Матерный язык – язык Собора… Все только им и разговаривали. В Соборе рождалось постыдное словесное ожерелье – «Большой и Малый Загибы», состоящие из одних матерных слов. Большой загиб состоял из 360 бранных слов… «Мать твою ***ть поперек **пы, грушу тебе в ***ду, гвоздь под…****ок и ведьму в **пу и т. д.
Во времена Сталина, почитателя Петра, русский писатель граф Алексей Толстой («красный граф», как его называли в СССР) был знаменит тем, что мог повторить малый матерный загиб.
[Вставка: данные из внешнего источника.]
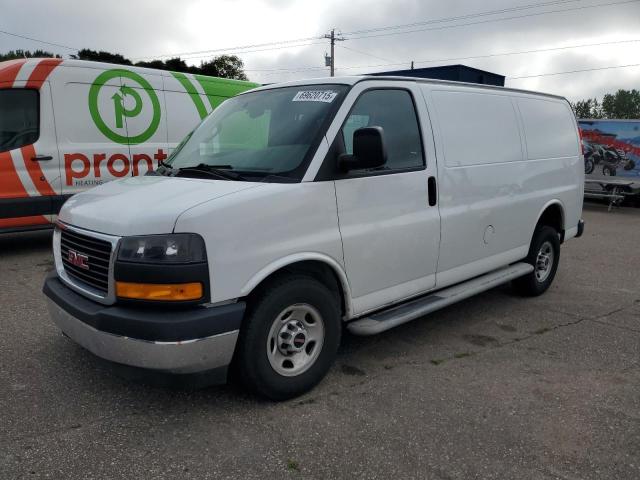 2018 GMC SAVANA G25 1GTW7AFG0J1909061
И обожавший мат Сталин высоко ценил это искусство.
«Царь Петька», или «Антихрист», как его теперь часто звали в народе, после окончания заседания Собора обычно устраивал шествие его участников. И люди, глядя на шествия с трудом держащихся на ногах соборян, возглавляемых грозным царем, только испуганно крестились.
К мужскому Собору примыкал женский Сумасброднейший монастырь, куда входили дамы из знатнейших фамилий. Они называли себя «мона***нями». И так же непотребно выбирали игуменью, и так же матерились и смертно пили. В результате все будущие императрицы в XVIII веке (кроме Екатерины II) замечательно ругались, причем самыми постыдными словами.
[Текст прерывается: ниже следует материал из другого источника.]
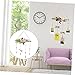 DECHOUS 1pc Creative Wooden Photo Display Holder Clips for Wall Decor for Bedroom and Living Room for Photos Artwork and Memories for All Occasions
Герцен писал, что допетровская Россия преобразилась в новую Россию через публичный дом.
Пьянство на ассамблеях и в Соборе требовало отменного здоровья. От пьянства, «столь великого, что невозможно описать… многим случалось от того умирать», – вспоминал современник, князь Куракин. Уцелевшие после встреч «с Ивашкой Хмельницким», как именовал попойки Петр, порой болели по нескольку дней. Но сам Государь после заседаний Собора поутру просыпался свежим, бодрым и как ни в чем не бывало принимался за работу.
К сожалению, в России, как печально отмечал Чаадаев, «новые идеи выметают старые, так как они не вытекают из них, а сваливаются на нас неизвестно откуда». Так было и в петровское время. Еще вчера – добродетельная до изуверства жизнь, похожая на монастырь, а уже нынче приказал Царь – и тотчас наступила жизнь, похожая на пьяный бордель.
Впрочем, многие историки видят в этом своеобразном шутействе-сумасбродстве серьезнейший смысл – этакий скрытый тест на верность Царю. В пьянке, распутстве, издевательствах над религией Петр как бы объединил самых верных соратников, готовых предать все прежние идеалы и потешаться над прежними святынями, если так велит Царь. Недаром шутейную власть в Соборе делит с «папой» Зотовым человек совсем не шутейный – боярин Федор Ромодановский, при упоминании имени которого бледнеют люди. В Соборе он носит почетнейший титул – князь-кесарь. Вместе с ним в Соборе незримо присутствует весь Преображенский приказ – тайная полиция с пыточными камерами, палачами с плетьми, которыми он и руководит. Ромодановский единственный имеет право входить к Царю в любой час дня и ночи… Так что перепившиеся члены Собора должны были очень внимательно следить за своим языком.